Memorials in Poets Corner (2013).jpg
Memorials in the South Transept of Westminster Abbey, Poets' Corner
 CC BY-SA 3.0Link

In 1065, Westminster Abbey was consecrated. It was the project of King Edward the Confessor, but Edward himself was sick on this day and couldn't come to the ceremony and died a few days later. The next year William the Conqueror was crowned in the Abbey, a tradition that has continued to this day with a few exceptions. 

There is one section of the Abbey known as the Poets' Corner. The first poet buried there was Geoffrey Chaucer in 1400. It wasn't because he was a poet. It was because he had an administrative position with Westminster and lived near the Abbey. 

Then in 1599 poet Edmund Spenser was buried near Chaucer and, after that, it was considered a place for writers. Samuel Johnson, Charles Dickens, Thomas Hardy, Alfred Lord Tennyson, Robert Browning, Rudyard Kipling, and many more are buried there.

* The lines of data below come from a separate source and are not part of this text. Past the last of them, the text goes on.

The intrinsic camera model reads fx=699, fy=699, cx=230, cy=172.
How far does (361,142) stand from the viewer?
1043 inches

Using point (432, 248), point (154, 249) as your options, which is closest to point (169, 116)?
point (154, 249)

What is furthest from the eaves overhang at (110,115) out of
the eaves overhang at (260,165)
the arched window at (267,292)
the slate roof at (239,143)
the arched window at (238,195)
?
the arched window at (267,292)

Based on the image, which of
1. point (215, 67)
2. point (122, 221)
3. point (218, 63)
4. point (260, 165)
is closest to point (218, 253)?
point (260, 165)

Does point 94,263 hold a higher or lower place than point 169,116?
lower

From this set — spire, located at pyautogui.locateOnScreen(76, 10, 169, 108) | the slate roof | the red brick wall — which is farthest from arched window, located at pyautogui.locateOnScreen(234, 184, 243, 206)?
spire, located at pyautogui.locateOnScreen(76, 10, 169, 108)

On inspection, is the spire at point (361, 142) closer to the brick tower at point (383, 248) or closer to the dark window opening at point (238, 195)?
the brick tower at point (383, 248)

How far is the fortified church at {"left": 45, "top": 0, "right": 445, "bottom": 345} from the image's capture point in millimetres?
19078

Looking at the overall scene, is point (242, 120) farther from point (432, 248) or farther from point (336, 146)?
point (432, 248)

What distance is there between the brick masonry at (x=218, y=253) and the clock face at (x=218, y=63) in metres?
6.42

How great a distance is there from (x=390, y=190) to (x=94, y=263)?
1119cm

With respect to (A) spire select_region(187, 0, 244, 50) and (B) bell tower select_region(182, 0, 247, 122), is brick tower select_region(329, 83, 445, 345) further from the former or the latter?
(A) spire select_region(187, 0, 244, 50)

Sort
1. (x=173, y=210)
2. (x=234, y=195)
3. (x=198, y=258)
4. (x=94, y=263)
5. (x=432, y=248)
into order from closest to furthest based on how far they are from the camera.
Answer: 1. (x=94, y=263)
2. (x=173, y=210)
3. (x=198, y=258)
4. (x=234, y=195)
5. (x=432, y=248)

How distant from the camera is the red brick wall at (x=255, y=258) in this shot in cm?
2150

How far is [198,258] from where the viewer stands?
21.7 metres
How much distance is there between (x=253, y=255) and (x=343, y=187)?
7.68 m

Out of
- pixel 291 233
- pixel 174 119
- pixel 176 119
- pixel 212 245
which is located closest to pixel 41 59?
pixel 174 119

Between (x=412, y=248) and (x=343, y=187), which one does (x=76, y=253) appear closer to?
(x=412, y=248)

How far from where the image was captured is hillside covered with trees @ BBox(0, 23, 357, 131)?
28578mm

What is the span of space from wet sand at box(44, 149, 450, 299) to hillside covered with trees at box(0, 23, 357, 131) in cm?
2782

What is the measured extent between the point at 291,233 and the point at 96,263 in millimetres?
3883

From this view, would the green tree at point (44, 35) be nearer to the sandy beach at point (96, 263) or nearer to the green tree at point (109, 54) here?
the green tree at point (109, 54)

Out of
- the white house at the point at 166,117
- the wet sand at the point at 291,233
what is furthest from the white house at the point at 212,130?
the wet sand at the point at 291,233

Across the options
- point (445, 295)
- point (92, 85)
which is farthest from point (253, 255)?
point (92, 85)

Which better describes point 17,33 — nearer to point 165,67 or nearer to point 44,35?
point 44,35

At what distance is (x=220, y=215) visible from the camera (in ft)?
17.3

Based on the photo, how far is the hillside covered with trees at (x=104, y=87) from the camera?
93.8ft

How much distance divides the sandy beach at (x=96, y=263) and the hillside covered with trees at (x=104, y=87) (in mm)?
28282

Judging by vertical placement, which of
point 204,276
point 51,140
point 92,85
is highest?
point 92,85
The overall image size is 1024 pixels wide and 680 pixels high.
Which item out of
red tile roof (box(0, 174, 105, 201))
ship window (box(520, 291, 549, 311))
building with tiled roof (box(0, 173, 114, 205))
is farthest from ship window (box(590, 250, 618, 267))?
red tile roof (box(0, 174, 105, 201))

Ben Jonson (c. 1617), by Abraham Blyenberch; oil on canvas painting at the National Portrait Gallery, London
Ben Jonson      Public Domain, Link

Ben Jonson was William Shakespeare's contemporary. He has what might be the most famous epitaph in the Abbey: "Oh rare Ben Jonson." It has been claimed that the inscription could also be read "Orare Ben Jonson" (pray for Ben Jonson), though there is a distinct space between "O" and "rare."

Though he is buried in Westminster, it's not in Poets' Corner. Another oddity is that he is the only person buried there standing upright. 

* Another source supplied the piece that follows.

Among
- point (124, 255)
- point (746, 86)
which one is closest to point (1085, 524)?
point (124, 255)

The popular story goes of that burial oddity is that when the Dean of Westminster talked to Jonson about being buried in Poets' Corner, Ben replied, "I am too poor for that, and no one will lay out funeral charges upon me. No, sir, six feet long by two feet wide is too much for me; two feet by two will do for all I want." The Dean promised he could have it. 

When Jonson died in poverty in 1637, he was definitely buried upright, as some workers found out in 1849 when they accidentally dislodged his burial spot and his skull, with some red hair attached, rolled down from a spot above his leg bones.

A monument to Jonson was erected in about 1723 by the Earl of Oxford in Poets' Corner which has a portrait medallion and the same inscription as on the gravestone. It seems Jonson was to have had a monument erected by subscription soon after his death but the English Civil War intervened.